Hoy, la amenaza de la ultraderecha vuelve a instalarse con fuerza en el escenario nacional, blanqueando la dictadura, relativizando las violaciones de derechos humanos y promoviendo un negacionismo que busca normalizar lo inaceptable. No se trata de un fenómeno aislado: responde a una estrategia global donde el autoritarismo, el racismo y el odio intentan recuperar terreno frente a la crisis del neoliberalismo.
Por Equipo El Despertar
Han pasado 52 años desde aquel 11 de septiembre de 1973, cuando los tanques y los fusiles silenciaron la democracia chilena a sangre y fuego. Medio siglo después, el país sigue discutiendo no solo cómo recordar ese quiebre brutal, sino cómo enfrentar las deudas abiertas en materia de verdad, justicia, reparación, memoria y garantías de no repetición.
Porque, aunque el paso del tiempo ha permitido construir relatos y levantar sitios de memoria, lo cierto es que en Chile todavía hay miles de familias que desconocen el paradero de sus seres queridos, procesos judiciales que avanzan a paso lento, y una impunidad que se perpetúa no solo en los tribunales, sino también en la vida política.
Hoy, la amenaza de la ultraderecha vuelve a instalarse con fuerza en el escenario nacional, blanqueando la dictadura, relativizando las violaciones de derechos humanos y promoviendo un negacionismo que busca normalizar lo inaceptable.
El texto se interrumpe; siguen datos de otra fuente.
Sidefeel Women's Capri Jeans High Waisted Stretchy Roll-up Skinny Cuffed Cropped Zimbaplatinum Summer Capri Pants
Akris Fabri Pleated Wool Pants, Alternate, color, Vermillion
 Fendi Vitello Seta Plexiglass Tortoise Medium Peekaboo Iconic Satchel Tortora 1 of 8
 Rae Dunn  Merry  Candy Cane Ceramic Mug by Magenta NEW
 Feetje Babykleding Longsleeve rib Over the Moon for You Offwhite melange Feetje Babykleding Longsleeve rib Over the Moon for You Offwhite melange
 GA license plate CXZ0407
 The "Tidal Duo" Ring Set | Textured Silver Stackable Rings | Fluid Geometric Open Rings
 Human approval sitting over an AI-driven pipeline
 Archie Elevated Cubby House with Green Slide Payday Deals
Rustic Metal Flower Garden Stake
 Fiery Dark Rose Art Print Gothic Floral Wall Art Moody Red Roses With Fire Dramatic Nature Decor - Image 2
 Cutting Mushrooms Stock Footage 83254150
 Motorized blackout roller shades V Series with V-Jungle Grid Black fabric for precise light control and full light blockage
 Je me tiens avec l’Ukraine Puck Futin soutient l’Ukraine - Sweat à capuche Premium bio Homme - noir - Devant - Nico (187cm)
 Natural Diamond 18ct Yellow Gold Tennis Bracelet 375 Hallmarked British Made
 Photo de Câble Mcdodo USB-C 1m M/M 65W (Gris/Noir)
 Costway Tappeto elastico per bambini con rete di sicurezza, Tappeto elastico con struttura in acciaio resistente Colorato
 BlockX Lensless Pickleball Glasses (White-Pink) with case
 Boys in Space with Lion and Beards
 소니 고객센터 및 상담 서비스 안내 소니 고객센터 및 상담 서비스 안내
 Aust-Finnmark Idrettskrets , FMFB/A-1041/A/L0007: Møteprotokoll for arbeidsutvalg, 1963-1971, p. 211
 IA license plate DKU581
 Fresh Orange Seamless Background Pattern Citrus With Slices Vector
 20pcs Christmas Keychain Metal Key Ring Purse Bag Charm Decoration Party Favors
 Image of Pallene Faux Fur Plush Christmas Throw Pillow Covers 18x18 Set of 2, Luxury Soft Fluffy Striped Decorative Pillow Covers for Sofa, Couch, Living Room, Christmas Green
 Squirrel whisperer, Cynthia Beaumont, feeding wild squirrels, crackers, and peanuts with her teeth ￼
No se trata de un fenómeno aislado: responde a una estrategia global donde el autoritarismo, el racismo y el odio intentan recuperar terreno frente a la crisis del neoliberalismo.
Pero aquí es donde la responsabilidad de los gobiernos progresistas de las últimas décadas se hace ineludible. En vez de desmantelar el modelo impuesto a sangre y fuego por la dictadura, eligieron administrarlo, maquillarlo, hacerlo “más humano”, pero sin tocar sus pilares: la Constitución del 80, el sistema de AFP, el mercado de la educación, la privatización del agua, la vivienda convertida en mercancía. Y en ese terreno fértil, la ultraderecha ha sabido cultivar su discurso de odio, presentándose como alternativa frente a un progresismo que no cumplió con las expectativas de transformación.
El compromiso de no repetición, tantas veces declamado, no se garantiza solo con actos conmemorativos o discursos solemnes: se garantiza democratizando de verdad la economía, desmontando los enclaves autoritarios, devolviendo derechos sociales y dignidad a las grandes mayorías. Mientras el modelo económico-social de la dictadura siga intacto, la democracia seguirá siendo débil, vulnerable y siempre amenazada.
A 52 años del golpe, el deber histórico no es solo recordar lo que ocurrió, sino actuar para que no vuelva a ocurrir. Y eso implica tener la valentía política de hacer lo que la dictadura prohibió y lo que la transición nunca se atrevió: transformar Chile desde sus cimientos, en clave de justicia social, soberanía popular y memoria viva.
La historia no se honra con flores ni con gestos simbólicos: se honra con verdad plena, justicia completa y un proyecto emancipador que impida que la sombra del fascismo vuelva a oscurecer nuestro país.